Psilocybin-assisted group therapy in patients with cancer diagnosed with a major depressive disorder
Agrawal, M., Ameli, R., Bates, M., Beaussant, Y., Honstein, H., Jenkins, B., Richards, B. D., Richards, W. A., Roddy, K., Schor, N., Shnayder, S., Stevens, N., Thambi, P.
This Phase II, open-label trial (n=30) assessed psilocybin-assisted therapy (25mg) for patients with cancer and depression (MDD) with individual and group therapeutic support. The study reported no serious adverse events and suggested efficacy with a significant reduction in depression severity by week 8. Notably, 80% of participants had a sustained response, and 50% achieved full remission of depressive symptoms at week 1, maintained for eight weeks. The study highlights the safety and feasibility of psilocybin-assisted therapy in a group cohort.
Abstract
Background Depression is common in patients with cancer and is associated with lower treatment adherence and reduced quality of life. Antidepressants and psychotherapy have limited success in improving depression among patients with cancer. This study explored the safety, feasibility, and efficacy of psilocybin-assisted therapy in patients with cancer and major depressive disorder.Methods This phase 2, open-label trial enrolled patients with curable and noncurable cancer and major depressive disorder at a single community oncology practice site. A single 25-mg dose of psilocybin was administered simultaneously to cohorts of three to four participants with individual (4.25 hours in 1:1 therapist-to-patient ratio) and group therapeutic support (3.75 hours) before, during, and after psilocybin administration. Outcomes included depression severity, anxiety, pain, demoralization, and disability.Results Thirty participants completed the study.

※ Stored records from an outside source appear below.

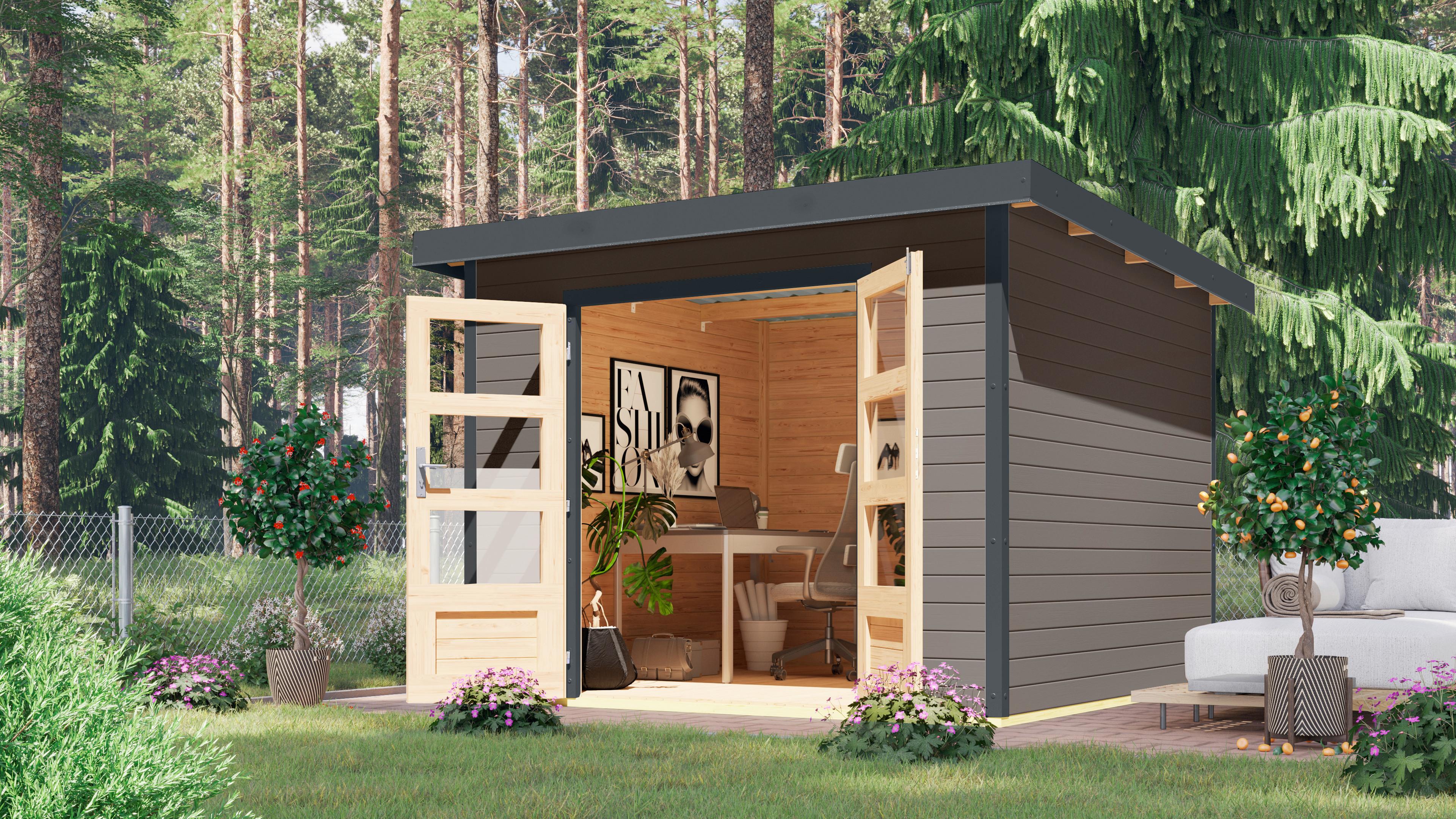 Gartenhaus Aetos 271/218/271 cm - Anthrazit/Grau, Basics, Holz/Metall (271/218/271cm)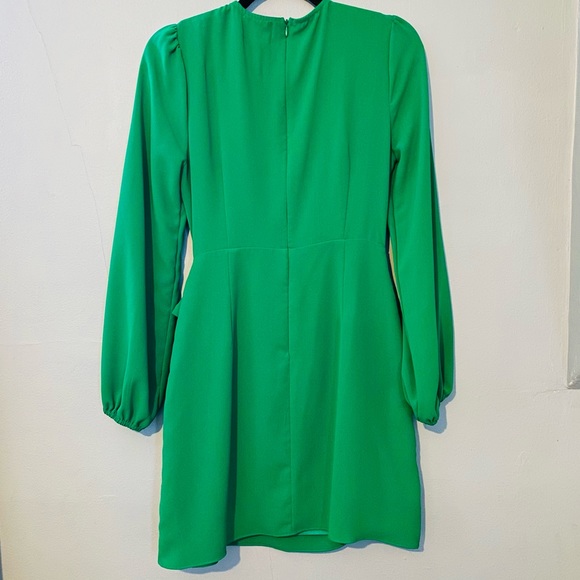 Bright Green Long Sleeve Mini Dress - Picture 4 of 9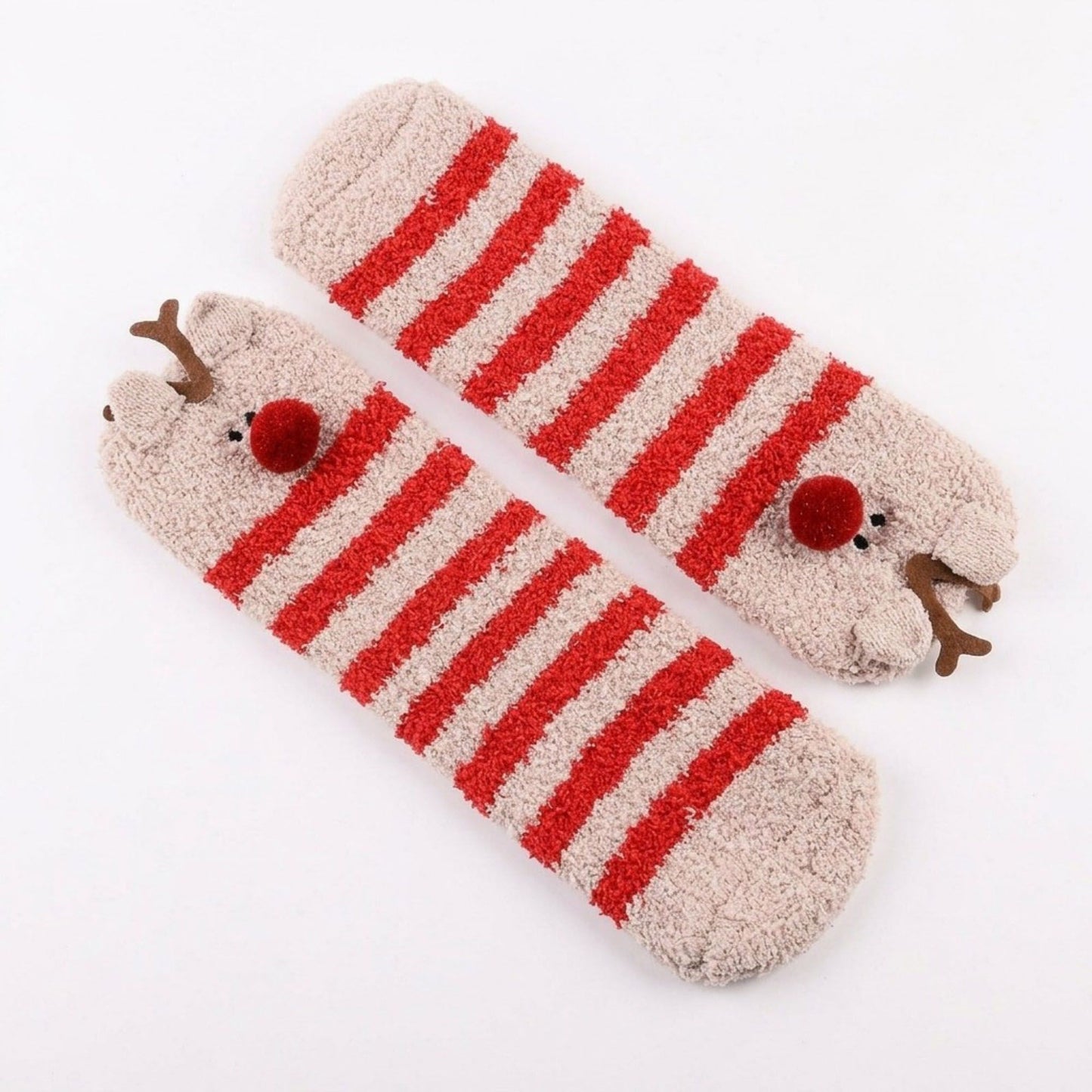 Fuzzy Reindeer Crew Socks 2 Pair US 5-10.5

No psilocybin-related serious adverse events occurred; treatment-related adverse events (e.g., nausea, headache) were generally mild and expected. There were no laboratory or electrocardiogram abnormalities. No suicidality was reported. Efficacy was suggested with a robust reduction in depression severity scores from baseline to posttreatment of 19.1 points (95% CI, 22.3 to -16.0; p < .0001) by week 8. Eighty percent of participants demonstrated a sustained response to psilocybin treatment; 50% showed full remission of depressive symptoms at week 1, which was sustained for 8 weeks.Conclusions Psilocybin-assisted therapy in group cohort administration was safe and feasible in patients with cancer and depression. Efficacy was suggested based on clinically meaningful reductions in depressive symptoms. The novel, group-oriented format, compact delivery time, community cancer center setting, and one-to-one therapist-to-patient ratio could also add to therapeutic gains and efficiency of administration.